La domanda

«Signore, perché non hai fermato quelle mani?». Il parroco della chiesa di Santa Gemma a Roma pone la straziante domanda durante il funerale e più tardi abbraccerà la mamma di Luca Varani - il volto della disperazione, gli occhi chiusi - nel gesto più doloroso e normale di questa storia assurda.

Per un attimo tutto si ferma: l’inchiesta, le chiacchiere, i talk show, la rievocazione reiterata della mattanza, le tesi che si sovrappongono, le parole a vanvera, la rabbia, il patetico voyeurismo dal buco della chiave, le verità sgangherate di qualche sociologo, le presunte fragilità gay. Per un lungo momento, guardando la foto di un prete che abbraccia una mamma piegata dal dolore, in questa vicenda da b movie tutta sesso, sangue e cocaina irrompe un inatteso e benvenuto protagonista: l’umanità. E stende un velo di pietoso silenzio su una storia che sembrava un infinito sabba pagano scandito da grida belluine e da schizzi purpurei di follia.
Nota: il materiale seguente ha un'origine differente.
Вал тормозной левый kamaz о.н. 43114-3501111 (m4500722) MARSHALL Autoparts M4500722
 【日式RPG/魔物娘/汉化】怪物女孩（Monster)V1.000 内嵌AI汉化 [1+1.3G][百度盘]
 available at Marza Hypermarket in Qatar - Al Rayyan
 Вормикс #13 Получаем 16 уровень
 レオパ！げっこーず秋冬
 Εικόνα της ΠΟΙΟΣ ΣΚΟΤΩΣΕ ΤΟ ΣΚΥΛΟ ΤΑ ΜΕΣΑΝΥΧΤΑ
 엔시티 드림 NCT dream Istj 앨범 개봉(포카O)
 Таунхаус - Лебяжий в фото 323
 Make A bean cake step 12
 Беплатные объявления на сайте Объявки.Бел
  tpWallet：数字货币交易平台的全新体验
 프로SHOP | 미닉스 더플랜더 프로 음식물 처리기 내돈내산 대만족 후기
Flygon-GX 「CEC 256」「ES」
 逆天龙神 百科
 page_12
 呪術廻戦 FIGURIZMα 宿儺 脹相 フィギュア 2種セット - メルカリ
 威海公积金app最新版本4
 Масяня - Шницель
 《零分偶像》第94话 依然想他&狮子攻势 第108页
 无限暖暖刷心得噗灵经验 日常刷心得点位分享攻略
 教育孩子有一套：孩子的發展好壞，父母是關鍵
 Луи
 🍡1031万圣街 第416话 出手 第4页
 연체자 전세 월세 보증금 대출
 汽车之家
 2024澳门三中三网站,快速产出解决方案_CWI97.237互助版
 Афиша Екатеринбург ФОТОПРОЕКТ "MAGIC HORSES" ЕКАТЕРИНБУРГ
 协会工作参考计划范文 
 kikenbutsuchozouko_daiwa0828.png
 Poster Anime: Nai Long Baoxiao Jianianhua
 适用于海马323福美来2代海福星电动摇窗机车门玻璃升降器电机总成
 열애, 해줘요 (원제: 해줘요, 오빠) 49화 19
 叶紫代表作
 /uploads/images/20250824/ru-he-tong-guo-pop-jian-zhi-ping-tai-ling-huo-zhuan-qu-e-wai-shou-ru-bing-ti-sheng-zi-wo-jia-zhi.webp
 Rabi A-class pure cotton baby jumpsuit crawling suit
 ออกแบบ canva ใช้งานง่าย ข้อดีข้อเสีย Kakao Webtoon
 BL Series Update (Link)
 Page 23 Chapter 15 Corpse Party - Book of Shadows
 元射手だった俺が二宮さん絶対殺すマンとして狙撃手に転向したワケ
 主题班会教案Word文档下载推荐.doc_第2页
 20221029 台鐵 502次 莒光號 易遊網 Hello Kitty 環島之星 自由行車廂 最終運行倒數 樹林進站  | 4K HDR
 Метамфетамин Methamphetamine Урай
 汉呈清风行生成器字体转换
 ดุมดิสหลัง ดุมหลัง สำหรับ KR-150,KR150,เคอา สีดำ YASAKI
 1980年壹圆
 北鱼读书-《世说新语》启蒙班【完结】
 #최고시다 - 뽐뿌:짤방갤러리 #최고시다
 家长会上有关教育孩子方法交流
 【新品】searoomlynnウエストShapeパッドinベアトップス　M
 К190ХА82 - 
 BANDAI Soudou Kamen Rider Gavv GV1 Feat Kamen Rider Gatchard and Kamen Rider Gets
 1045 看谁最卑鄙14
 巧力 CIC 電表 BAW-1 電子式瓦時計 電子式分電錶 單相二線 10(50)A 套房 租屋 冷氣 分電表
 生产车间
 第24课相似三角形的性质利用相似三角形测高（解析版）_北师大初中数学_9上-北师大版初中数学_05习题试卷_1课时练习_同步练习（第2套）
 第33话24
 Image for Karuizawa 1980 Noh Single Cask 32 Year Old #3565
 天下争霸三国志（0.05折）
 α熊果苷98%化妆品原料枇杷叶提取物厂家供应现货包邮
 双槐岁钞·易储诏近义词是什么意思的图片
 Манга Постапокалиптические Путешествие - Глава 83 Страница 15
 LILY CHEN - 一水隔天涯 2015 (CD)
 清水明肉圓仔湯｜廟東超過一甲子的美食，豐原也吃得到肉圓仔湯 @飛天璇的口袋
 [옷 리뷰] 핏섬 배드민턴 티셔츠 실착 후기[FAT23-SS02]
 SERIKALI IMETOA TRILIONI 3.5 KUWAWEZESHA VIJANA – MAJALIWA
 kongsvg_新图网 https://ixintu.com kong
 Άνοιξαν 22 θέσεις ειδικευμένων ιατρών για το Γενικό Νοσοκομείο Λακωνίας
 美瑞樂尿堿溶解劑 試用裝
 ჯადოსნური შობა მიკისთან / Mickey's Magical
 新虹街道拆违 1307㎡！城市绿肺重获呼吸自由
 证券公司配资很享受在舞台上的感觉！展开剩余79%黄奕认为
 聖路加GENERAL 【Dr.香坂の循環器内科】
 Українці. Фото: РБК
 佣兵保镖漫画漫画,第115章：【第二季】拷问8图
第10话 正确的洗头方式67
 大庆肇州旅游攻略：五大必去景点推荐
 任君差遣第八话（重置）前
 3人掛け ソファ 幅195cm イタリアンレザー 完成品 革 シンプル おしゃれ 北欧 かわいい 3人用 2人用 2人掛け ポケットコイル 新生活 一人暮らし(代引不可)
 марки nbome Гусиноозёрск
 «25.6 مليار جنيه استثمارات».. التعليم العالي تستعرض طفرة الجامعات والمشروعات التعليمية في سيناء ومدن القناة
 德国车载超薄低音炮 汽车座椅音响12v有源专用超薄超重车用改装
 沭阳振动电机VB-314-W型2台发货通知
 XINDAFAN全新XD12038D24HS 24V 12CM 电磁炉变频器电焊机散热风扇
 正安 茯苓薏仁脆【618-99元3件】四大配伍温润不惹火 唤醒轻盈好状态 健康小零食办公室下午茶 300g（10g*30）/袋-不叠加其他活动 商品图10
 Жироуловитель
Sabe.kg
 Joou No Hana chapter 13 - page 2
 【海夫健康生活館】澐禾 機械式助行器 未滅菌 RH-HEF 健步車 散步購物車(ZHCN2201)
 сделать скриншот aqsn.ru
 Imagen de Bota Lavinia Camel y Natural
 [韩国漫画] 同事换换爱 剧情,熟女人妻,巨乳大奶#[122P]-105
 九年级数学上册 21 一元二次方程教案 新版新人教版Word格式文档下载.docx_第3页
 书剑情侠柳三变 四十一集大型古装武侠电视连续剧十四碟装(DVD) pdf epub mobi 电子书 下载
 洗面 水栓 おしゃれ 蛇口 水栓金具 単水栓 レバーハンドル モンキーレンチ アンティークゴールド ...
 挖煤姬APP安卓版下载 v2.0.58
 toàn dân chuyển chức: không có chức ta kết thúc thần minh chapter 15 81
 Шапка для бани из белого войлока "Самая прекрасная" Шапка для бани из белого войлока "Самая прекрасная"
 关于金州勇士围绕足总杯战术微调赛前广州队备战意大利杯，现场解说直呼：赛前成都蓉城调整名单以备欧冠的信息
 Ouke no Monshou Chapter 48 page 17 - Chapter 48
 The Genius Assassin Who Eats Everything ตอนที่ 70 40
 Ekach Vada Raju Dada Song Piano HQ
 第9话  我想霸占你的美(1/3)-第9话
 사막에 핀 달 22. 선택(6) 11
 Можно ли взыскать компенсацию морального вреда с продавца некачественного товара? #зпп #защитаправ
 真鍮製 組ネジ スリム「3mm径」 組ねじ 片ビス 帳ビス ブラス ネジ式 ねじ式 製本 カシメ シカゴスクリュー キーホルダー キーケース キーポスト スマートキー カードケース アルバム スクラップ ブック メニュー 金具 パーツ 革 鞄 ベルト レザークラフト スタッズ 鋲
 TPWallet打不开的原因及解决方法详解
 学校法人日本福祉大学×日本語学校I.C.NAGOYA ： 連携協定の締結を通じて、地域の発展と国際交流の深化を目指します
I due assassini che si accusano a vicenda litigando sull’autore del colpo mortale, il padre di uno di loro che non si perde un programma tv dal quale enunciare fesserie assortite, la vittima uccisa «per vedere l’effetto che fa» dopo essere stata torturata per ore. Raramente nel mesto flusso della cronaca nera (che, non dimentichiamolo, è anch’essa vita, specchio della società con cui ogni giorno facciamo i conti); raramente c’eravamo imbattuti in un simile campionario di aberrazioni nichiliste. Poi il funerale, poi la semplice e dirompente domanda di un parroco a quel Dio «che atterra e suscita, che affanna e che consola», poi la mamma di Luca con gli occhi chiusi. Un attimo di pace che va raccontato, fissato, testimoniato. Prima che ricominci la canea.